When I had filled the pot and set the kettle back on the stove, I lifted the tiny ceramic lid and settled it back on the pot, closing in the scent and heat.  Lifting the tray, I carried it across the large kitchen and set it on the same old table that had taken up the center of the room for generations.

Even as I settled into my customary chair across from my mother, the emptiness of Gramma’s chair pulled the tears from my eyes to run down my cheeks.  Swiping my hand across my face, I swallowed and lifted the pot to fill the three cups that rested in their matching saucers.

An indrawn gasp filled the kitchen as I looked at the tiny bits of tea which swirled in the cups.

“Oh, no!”

I lifted the bags out of the pot, shaking my head at the large hole in one of them.  I closed my eyes in exasperation, then looked across at my mother.

“Don’t worry about it,”  she told me.  “Just get the strainer.”
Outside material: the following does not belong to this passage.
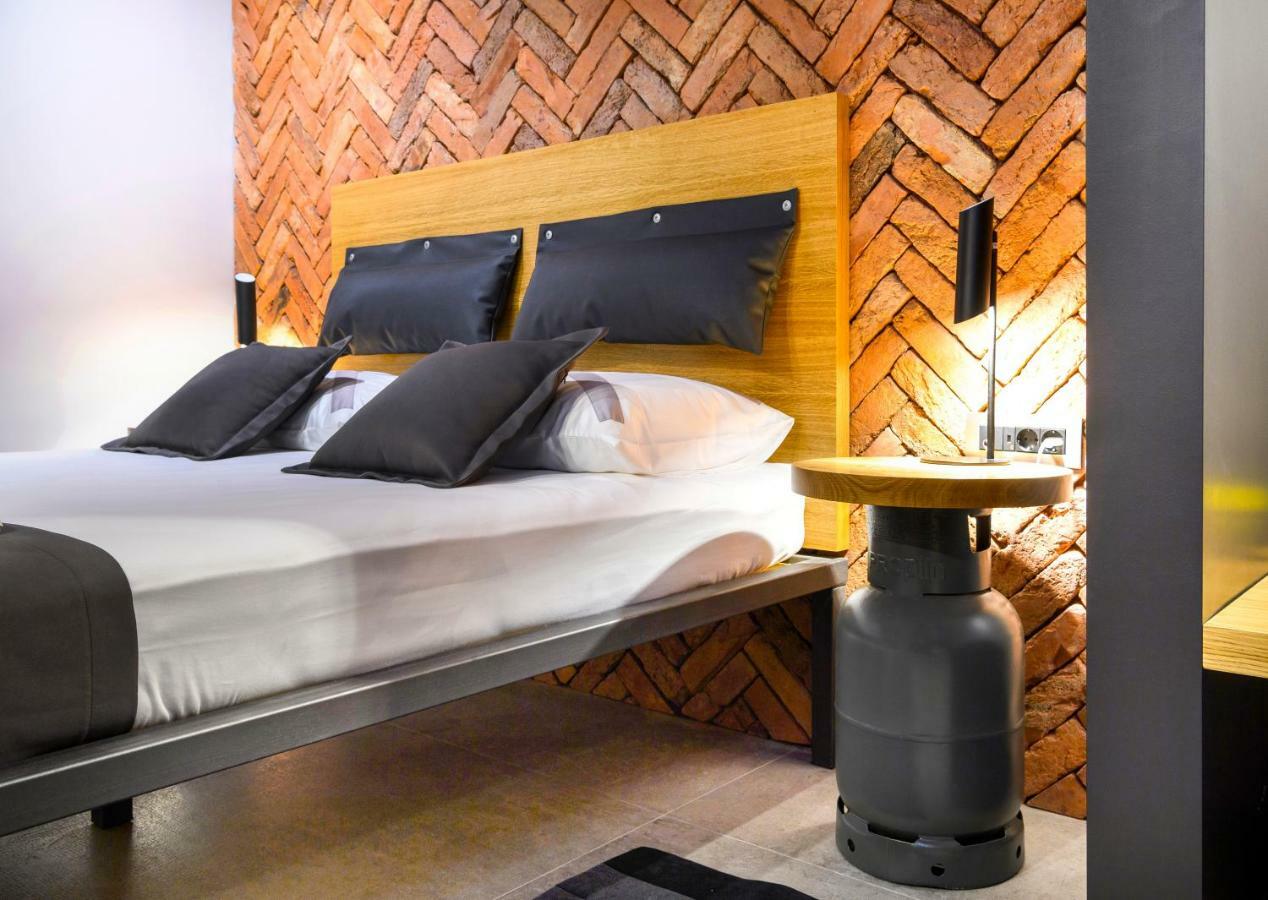 Split Industrial Design Rooms Extérieur photo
I did as I was bid, and poured the tea from the cups back into the pot before using the strainer to catch the tiny bits of tea leaves as I refilled the cups.  As I did so, I was reminded of one of the most prominent lessons that I had learned during our afternoon tea times.

I glanced at the newcomer to the gatherings and studied the young face.  Love swelled in me as I met my daughter’s eyes.

“Did I ever tell you about the time great-gramma had this happen?”  I asked.  When my teenage daughter shook her head in the negative, I recounted the story.

On that afternoon so long ago, the tea bag had also been ripped.  When my grandmother had gone through the same process, she held up the tea strainer and pointed to the tea leaves that lay therein.

“Do you see these tea leaves?”  When I  had nodded, Gramma had continued.  “These tea leaves are like our lives before we accept Jesus as Savior.  They are the sin that fills us and contaminates our souls.  But when we are saved, that sin gets strained from our lives, leaving us with a clean soul and heart, just like the tea in your cup.”

My daughter smiled as she studied the tea in her cup, then grinned.  “Who would have thought that you could learn something about faith just sitting and having tea?”

*  *  *  *  *

I recently joined Pam Ford Davis’ group Tea Pot Testimony on Facebook.  In one of her posts, Pam asked what one does with a cup of tea that is full of bits of tea due to a broken tea bag.  As I thought about my answer, the idea for this story was born.  The memory of that first cup of tea is my own, shared with my mom and Gramma when I was small.